▸ WHAT IS EXPECTED
Could you give back exactly the lines below from the one with "DA1238ATS AREX Dresuar" through the one with "XS Adventskalender Weihnachtswald", without a single picture?

▸ RECORDS FOR PROCESSING
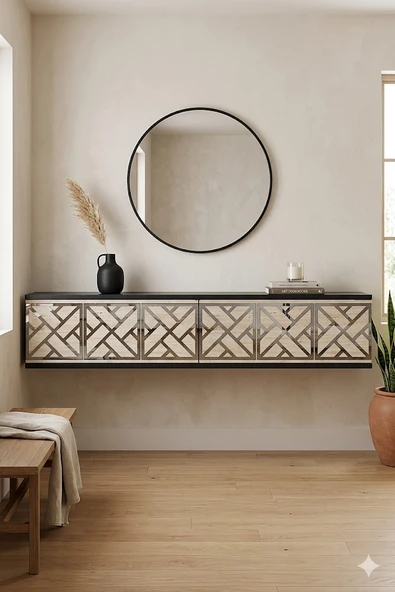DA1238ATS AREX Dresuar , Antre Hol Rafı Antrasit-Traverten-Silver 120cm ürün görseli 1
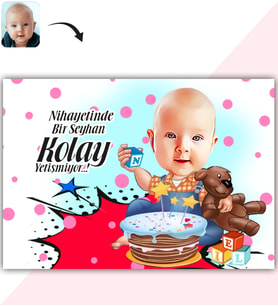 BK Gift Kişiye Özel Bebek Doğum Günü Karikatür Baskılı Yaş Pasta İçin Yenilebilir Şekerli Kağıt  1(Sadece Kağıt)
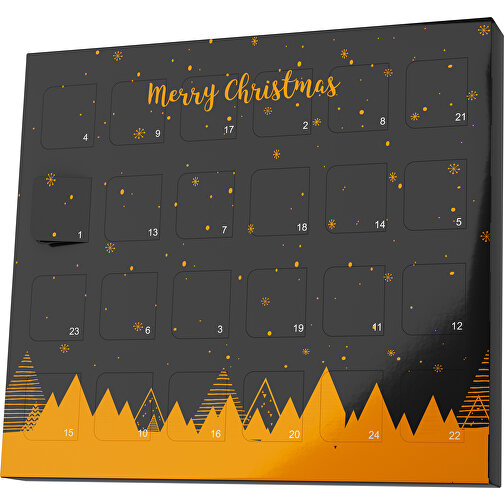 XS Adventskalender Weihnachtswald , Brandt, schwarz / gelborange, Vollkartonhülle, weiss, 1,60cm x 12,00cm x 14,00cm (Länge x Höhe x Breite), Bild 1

...

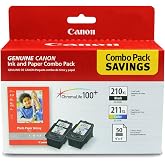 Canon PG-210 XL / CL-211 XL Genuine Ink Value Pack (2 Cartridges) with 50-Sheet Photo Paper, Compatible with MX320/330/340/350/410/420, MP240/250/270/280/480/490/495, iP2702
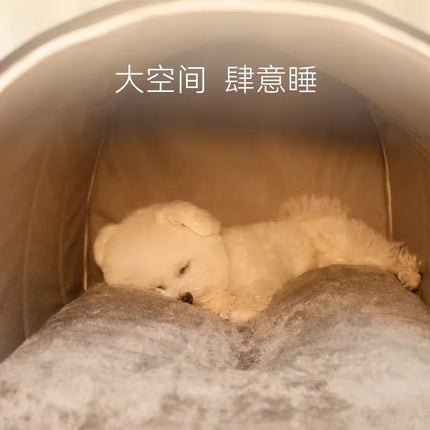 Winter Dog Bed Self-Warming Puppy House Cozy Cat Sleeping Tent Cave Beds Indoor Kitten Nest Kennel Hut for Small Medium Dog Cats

--

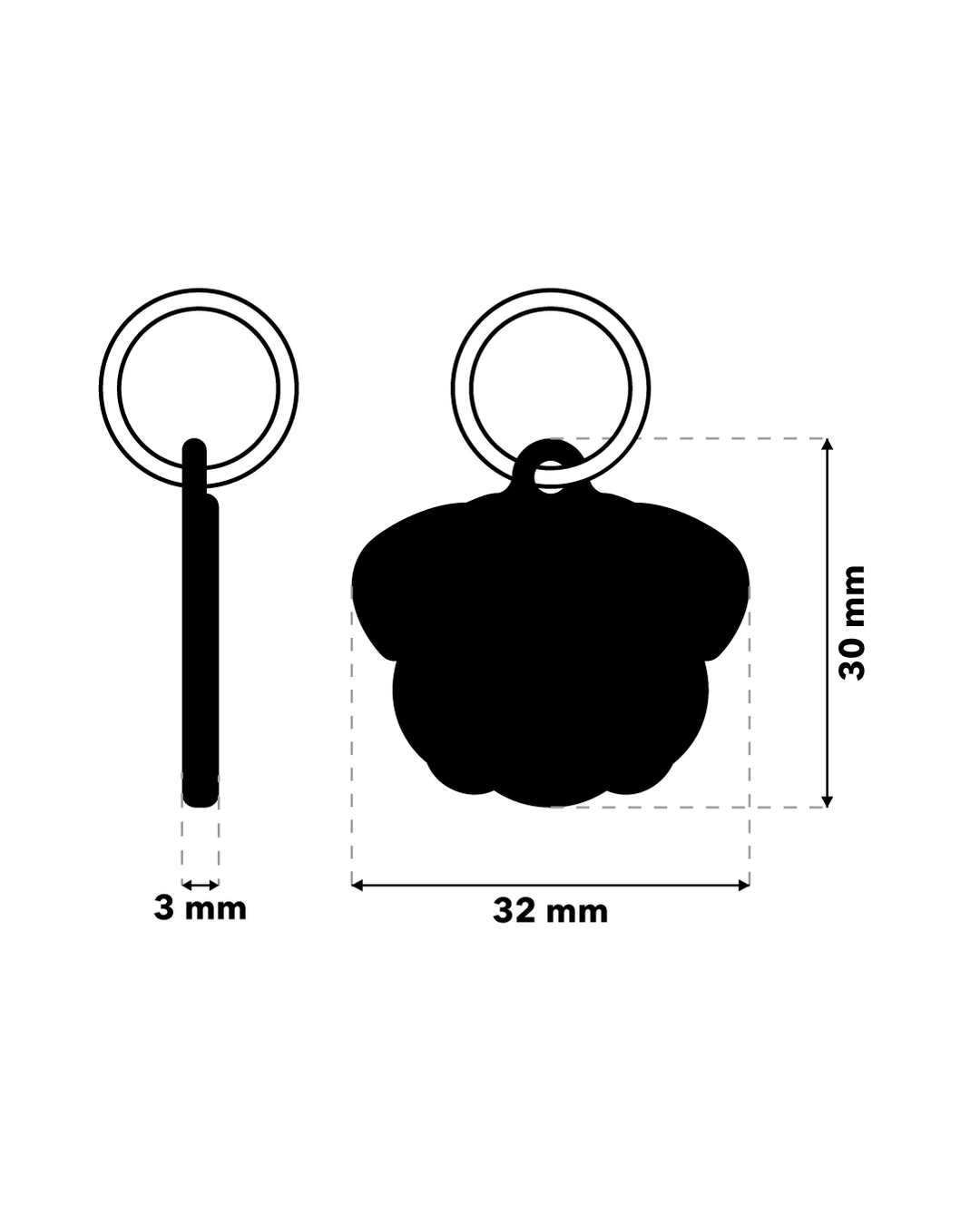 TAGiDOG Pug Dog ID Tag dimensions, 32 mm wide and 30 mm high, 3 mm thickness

▸ TASK SOLUTION
DA1238ATS AREX Dresuar , Antre Hol Rafı Antrasit-Traverten-Silver 120cm ürün görseli 1
 BK Gift Kişiye Özel Bebek Doğum Günü Karikatür Baskılı Yaş Pasta İçin Yenilebilir Şekerli Kağıt  1(Sadece Kağıt)
 XS Adventskalender Weihnachtswald , Brandt, schwarz / gelborange, Vollkartonhülle, weiss, 1,60cm x 12,00cm x 14,00cm (Länge x Höhe x Breite), Bild 1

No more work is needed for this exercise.